TASK OBJECTIVE: All that is wanted is the span of lines from the one with "Satin Prom Dress" to the last line of the data, copied exactly.

PROVIDED RECORDS:
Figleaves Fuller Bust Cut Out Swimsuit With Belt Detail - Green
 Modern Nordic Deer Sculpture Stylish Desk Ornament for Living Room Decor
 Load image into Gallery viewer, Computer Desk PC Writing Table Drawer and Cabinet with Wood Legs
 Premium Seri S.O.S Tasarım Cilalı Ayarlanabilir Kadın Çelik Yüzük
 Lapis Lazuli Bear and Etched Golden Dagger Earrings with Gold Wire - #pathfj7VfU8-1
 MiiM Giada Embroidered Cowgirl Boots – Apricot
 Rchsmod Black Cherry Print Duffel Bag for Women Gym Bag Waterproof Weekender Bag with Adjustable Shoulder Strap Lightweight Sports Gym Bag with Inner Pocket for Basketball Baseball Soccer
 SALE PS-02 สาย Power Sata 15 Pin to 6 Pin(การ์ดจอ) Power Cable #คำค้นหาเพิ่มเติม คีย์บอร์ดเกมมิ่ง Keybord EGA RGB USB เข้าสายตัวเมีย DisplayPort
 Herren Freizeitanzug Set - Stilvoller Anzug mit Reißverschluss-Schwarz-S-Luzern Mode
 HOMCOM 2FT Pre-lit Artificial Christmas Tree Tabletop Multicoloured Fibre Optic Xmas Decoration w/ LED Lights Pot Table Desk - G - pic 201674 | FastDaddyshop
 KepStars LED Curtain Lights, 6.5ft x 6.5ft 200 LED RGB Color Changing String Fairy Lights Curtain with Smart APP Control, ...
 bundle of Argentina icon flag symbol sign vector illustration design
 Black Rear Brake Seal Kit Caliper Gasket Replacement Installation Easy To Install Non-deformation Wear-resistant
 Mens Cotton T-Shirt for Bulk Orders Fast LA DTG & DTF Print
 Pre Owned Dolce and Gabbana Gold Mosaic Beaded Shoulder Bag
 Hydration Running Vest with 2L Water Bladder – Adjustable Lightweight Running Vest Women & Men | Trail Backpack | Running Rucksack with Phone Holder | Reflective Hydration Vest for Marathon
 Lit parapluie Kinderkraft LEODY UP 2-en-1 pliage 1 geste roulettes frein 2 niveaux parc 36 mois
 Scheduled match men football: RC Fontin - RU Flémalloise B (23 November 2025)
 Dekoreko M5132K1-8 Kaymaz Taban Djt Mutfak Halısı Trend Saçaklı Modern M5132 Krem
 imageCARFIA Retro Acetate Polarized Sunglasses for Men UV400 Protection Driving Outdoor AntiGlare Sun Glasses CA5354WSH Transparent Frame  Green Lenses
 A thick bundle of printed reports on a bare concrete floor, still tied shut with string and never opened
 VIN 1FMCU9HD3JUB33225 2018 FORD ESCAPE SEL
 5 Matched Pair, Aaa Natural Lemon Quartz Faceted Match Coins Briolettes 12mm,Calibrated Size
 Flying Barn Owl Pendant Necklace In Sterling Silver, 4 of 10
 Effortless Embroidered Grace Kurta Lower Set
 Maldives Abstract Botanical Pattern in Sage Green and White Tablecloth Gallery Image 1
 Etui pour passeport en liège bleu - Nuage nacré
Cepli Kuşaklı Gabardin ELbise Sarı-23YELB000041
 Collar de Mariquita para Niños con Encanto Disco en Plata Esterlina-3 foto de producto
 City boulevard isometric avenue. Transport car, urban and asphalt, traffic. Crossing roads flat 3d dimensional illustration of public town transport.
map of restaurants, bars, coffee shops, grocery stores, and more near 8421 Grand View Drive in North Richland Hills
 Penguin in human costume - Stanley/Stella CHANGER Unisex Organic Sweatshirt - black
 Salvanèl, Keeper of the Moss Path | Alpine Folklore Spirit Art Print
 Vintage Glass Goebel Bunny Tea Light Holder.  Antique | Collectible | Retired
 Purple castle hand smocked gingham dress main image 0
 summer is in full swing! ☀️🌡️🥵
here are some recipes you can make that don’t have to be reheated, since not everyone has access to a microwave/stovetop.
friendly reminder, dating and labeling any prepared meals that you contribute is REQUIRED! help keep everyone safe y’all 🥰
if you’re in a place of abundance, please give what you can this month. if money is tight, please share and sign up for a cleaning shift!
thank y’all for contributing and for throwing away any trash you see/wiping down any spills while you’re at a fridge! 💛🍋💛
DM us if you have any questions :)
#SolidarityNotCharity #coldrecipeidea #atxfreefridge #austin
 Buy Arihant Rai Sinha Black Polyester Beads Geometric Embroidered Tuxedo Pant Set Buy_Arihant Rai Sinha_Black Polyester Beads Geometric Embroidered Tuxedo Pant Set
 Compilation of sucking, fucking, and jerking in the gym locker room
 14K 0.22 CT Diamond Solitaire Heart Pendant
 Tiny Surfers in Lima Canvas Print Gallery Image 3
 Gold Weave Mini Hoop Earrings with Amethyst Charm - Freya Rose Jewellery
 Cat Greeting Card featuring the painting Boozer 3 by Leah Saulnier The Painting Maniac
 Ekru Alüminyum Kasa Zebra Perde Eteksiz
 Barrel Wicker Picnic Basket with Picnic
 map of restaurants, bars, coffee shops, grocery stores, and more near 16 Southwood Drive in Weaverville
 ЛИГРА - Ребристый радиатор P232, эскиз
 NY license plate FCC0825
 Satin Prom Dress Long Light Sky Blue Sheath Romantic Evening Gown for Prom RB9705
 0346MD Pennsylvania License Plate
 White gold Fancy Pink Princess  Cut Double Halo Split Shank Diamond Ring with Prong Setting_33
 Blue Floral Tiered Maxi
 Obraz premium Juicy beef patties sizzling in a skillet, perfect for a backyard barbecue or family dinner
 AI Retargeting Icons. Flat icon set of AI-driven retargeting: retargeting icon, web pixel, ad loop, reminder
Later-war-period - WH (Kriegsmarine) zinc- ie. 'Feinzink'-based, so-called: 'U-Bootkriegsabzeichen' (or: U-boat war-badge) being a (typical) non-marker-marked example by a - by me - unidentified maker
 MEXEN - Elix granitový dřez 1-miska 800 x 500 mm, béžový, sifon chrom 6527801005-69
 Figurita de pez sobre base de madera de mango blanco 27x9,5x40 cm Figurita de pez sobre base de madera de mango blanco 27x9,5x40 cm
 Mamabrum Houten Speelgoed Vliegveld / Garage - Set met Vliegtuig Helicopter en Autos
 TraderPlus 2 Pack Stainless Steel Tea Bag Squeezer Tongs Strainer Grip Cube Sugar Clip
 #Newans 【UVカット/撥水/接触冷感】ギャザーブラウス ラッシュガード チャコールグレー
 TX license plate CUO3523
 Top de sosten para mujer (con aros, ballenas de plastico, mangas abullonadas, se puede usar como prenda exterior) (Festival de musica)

TASK SOLUTION:
 Satin Prom Dress Long Light Sky Blue Sheath Romantic Evening Gown for Prom RB9705
 0346MD Pennsylvania License Plate
 White gold Fancy Pink Princess  Cut Double Halo Split Shank Diamond Ring with Prong Setting_33
 Blue Floral Tiered Maxi
 Obraz premium Juicy beef patties sizzling in a skillet, perfect for a backyard barbecue or family dinner
 AI Retargeting Icons. Flat icon set of AI-driven retargeting: retargeting icon, web pixel, ad loop, reminder
Later-war-period - WH (Kriegsmarine) zinc- ie. 'Feinzink'-based, so-called: 'U-Bootkriegsabzeichen' (or: U-boat war-badge) being a (typical) non-marker-marked example by a - by me - unidentified maker
 MEXEN - Elix granitový dřez 1-miska 800 x 500 mm, béžový, sifon chrom 6527801005-69
 Figurita de pez sobre base de madera de mango blanco 27x9,5x40 cm Figurita de pez sobre base de madera de mango blanco 27x9,5x40 cm
 Mamabrum Houten Speelgoed Vliegveld / Garage - Set met Vliegtuig Helicopter en Autos
 TraderPlus 2 Pack Stainless Steel Tea Bag Squeezer Tongs Strainer Grip Cube Sugar Clip
 #Newans 【UVカット/撥水/接触冷感】ギャザーブラウス ラッシュガード チャコールグレー
 TX license plate CUO3523
 Top de sosten para mujer (con aros, ballenas de plastico, mangas abullonadas, se puede usar como prenda exterior) (Festival de musica)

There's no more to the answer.